Using heuristic evaluation. Step through processes with your website, is it:

  • Made for humans – is it relevant, useful or enjoyable? Does it fit their mental model?
  • Forgiving – does the site prevent errors, does it minimise them?
  • Accessible
  • Self evident – is it clear what the site’s for?
  • Predictable – does it use known web conventions
  • Efficient – is the site responsive
  • Accurate

2. Analytics

This is a topic that’s not given enough attention in user experience. Looking at the stats, consider:

  • Visits per unique user – are people coming back?
  • Entry pages
  • Bounce rate
  • Referrers
  • Keywords
  • Navigation paths
  • Registration / purchase conversions – where are the largest drop offs?
  • On-site search – an underused trick. A real gold mine of understanding what the user is looking for. Test those search terms, are they finding what they want?

The real user experience process takes time. Do your business research first. It’s tempting to jump in without finding out:

  • Objectives of the project
  • Requirements
  • Un-requirements
  • Exclusions – things that cost too much or services like Flickr have sewn up

You can never find all this stuff out because it’s held in tacit knowledge. If you can never know everything, you are allowed to get it wrong. This is a relief, you don’t have to get it right first time.

The best way to be a user experience designer is to understand the culture of the company. Several warning signs exist.

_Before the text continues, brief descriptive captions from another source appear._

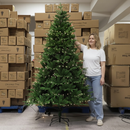 Woman standing next to a decorated Christmas tree in a warehouse setting with stacked boxes.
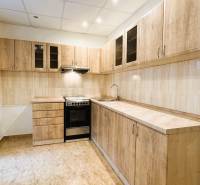 Küche in einer 3-Zimmer-Wohnung mit Holzdekor-Schränken und Fliesenboden.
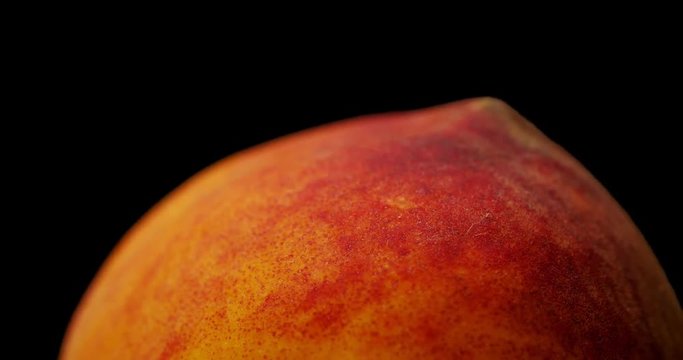 Delicious ripe peach. Macro shooting, the fruit moves around its axis.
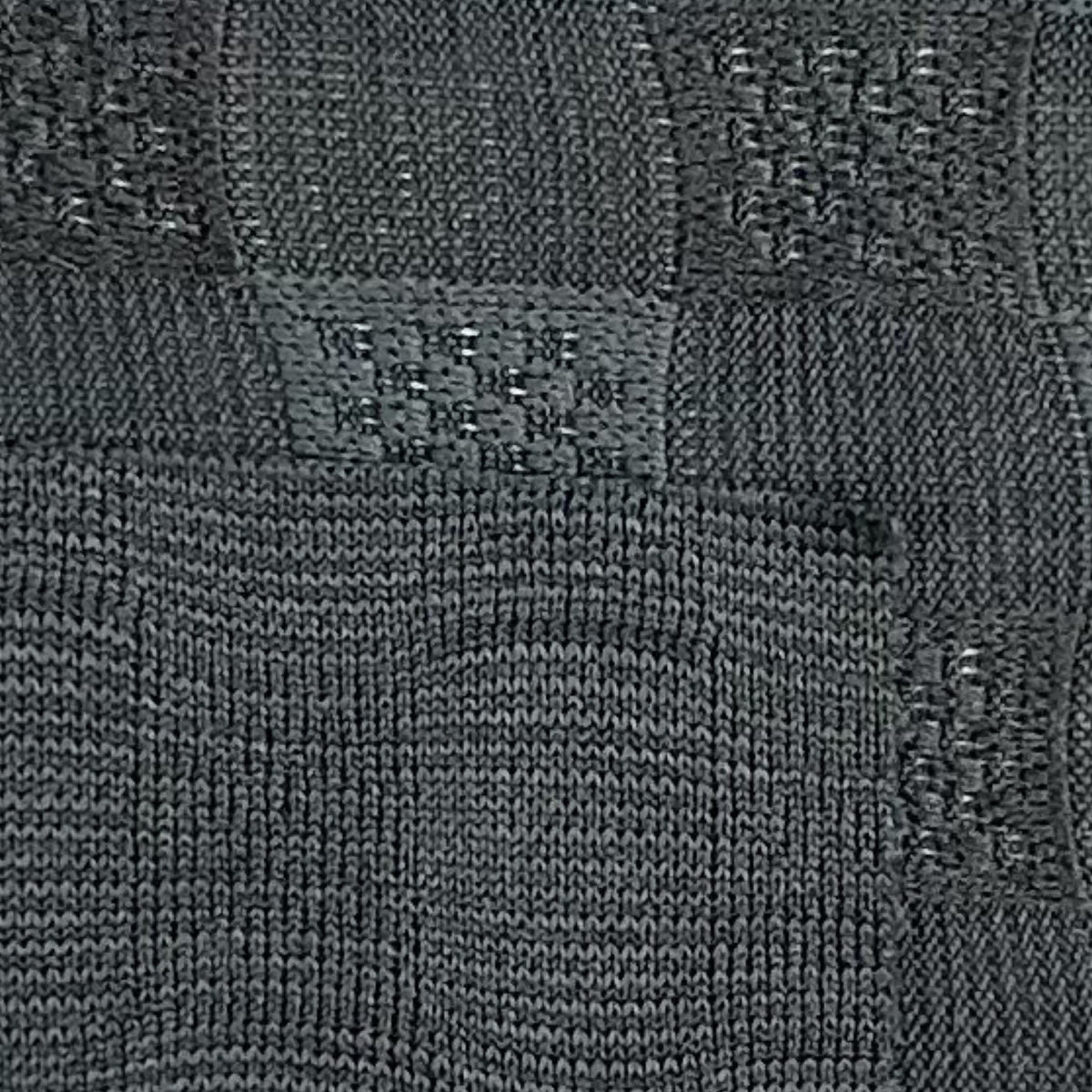 Dark gray textured fabric with a brand label.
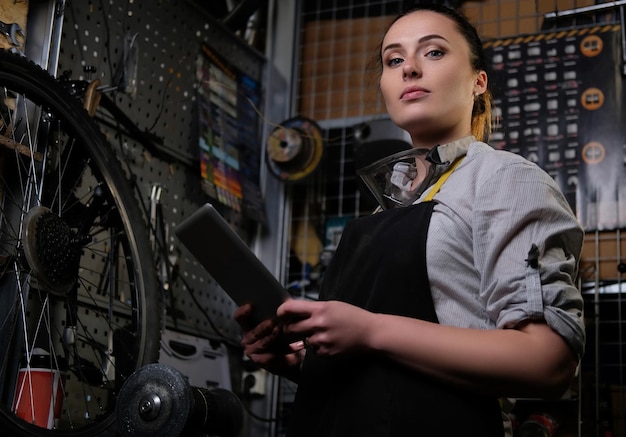 Porträt einer schönen brünetten Frau, die Arbeitskleidung, Schürze und Schutzbrille trägt, hält einen Tablet-Computer in einer Werkstatt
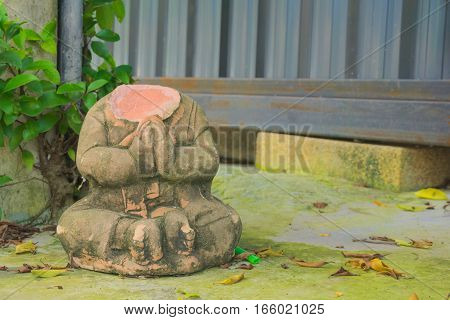 The doll without head left on the sidewalk near the base of the poles.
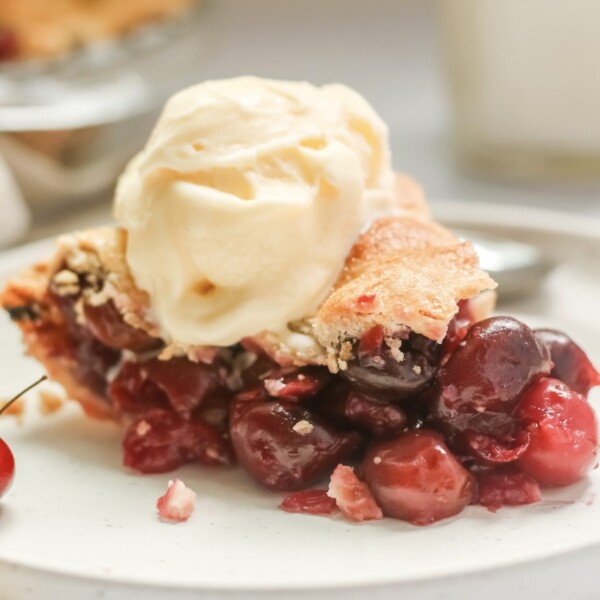 slice of cherry pie with ice cream on top.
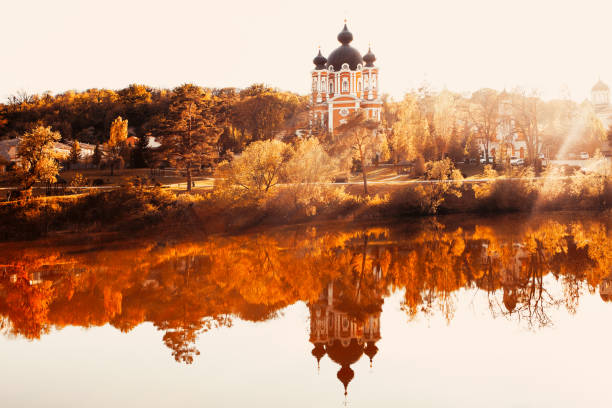 Church reflection in the lake water . Idyllic scenery with monastery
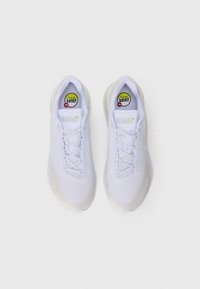 Une paire de chaussures de course Nike Air Max blanches vue de dessus sur un fond blanc, montrant la texture en maille et les lacets.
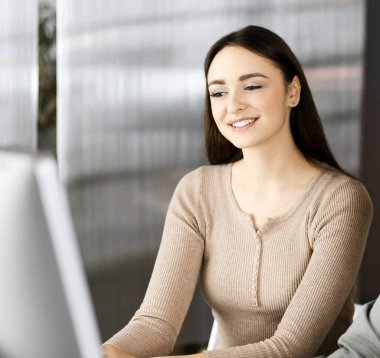 Yeşil gömlekli arkadaş canlısı genç işadamı ve programcı, modern bir ofiste masa başında bayan bir meslektaşla birlikte otururken bilgisayar üzerinde çalışıyor. Kadınlara odaklan. Başarılı olma kavramı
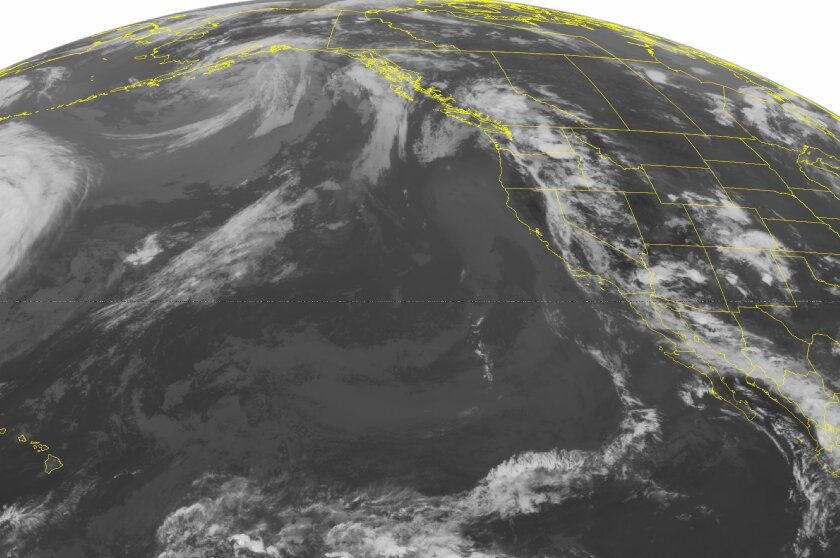 This NOAA satellite image taken Monday shows a ridge of high pressure over the western United States producing clear skies throughout the northern Rockies and central Plains. Underneath the ridge is a surface trough along the California coast. This is producing areas of cloudiness and showers from Southern California to the Pacific Northwest.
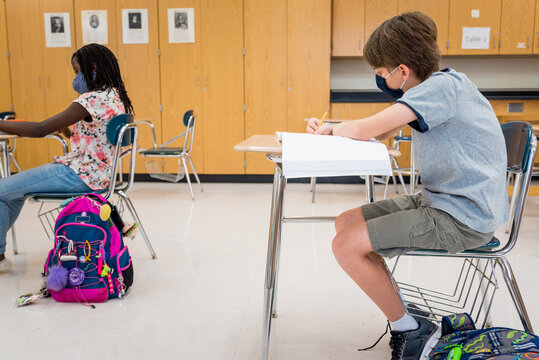 Boy in a classroom with mask during COVID-19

  1. Cash cows. Most companies have them. You won’t be able to make changes to these unless you can prove you’re going to make the company more money. These are dangerous because changes may go wrong and you might lose the company’s interest in usability. Be careful.
  2. Paralysing process. It’s difficult to get new processes and new techniques into these companies. It’s only when you come up for air, that’s when people will challenge your work. Don’t be overly eager to share your work until it’s ready. If results are already positive that will skew the company’s view in your favour.

OK, real UX

You can do some quick and dirty qualitative research. Remote research is becoming a big topic in user experience. Phone your users up, yes you’ll miss some nuances, but at least you’ll get something. Speaking to your customer service staff is also useful, their insights can help you understand who’s coming to your site.

Quantitative research is also easy.

Finally, market research can give you information on psychographics and demographics. Data driven personas help you design for a particular type of user. Data driven personas don’t require much one-to-one research with users. It’s not scientifically valid, but if you treat this as a living document it’s still much easier to design for this ’person’ than a collection of numbers.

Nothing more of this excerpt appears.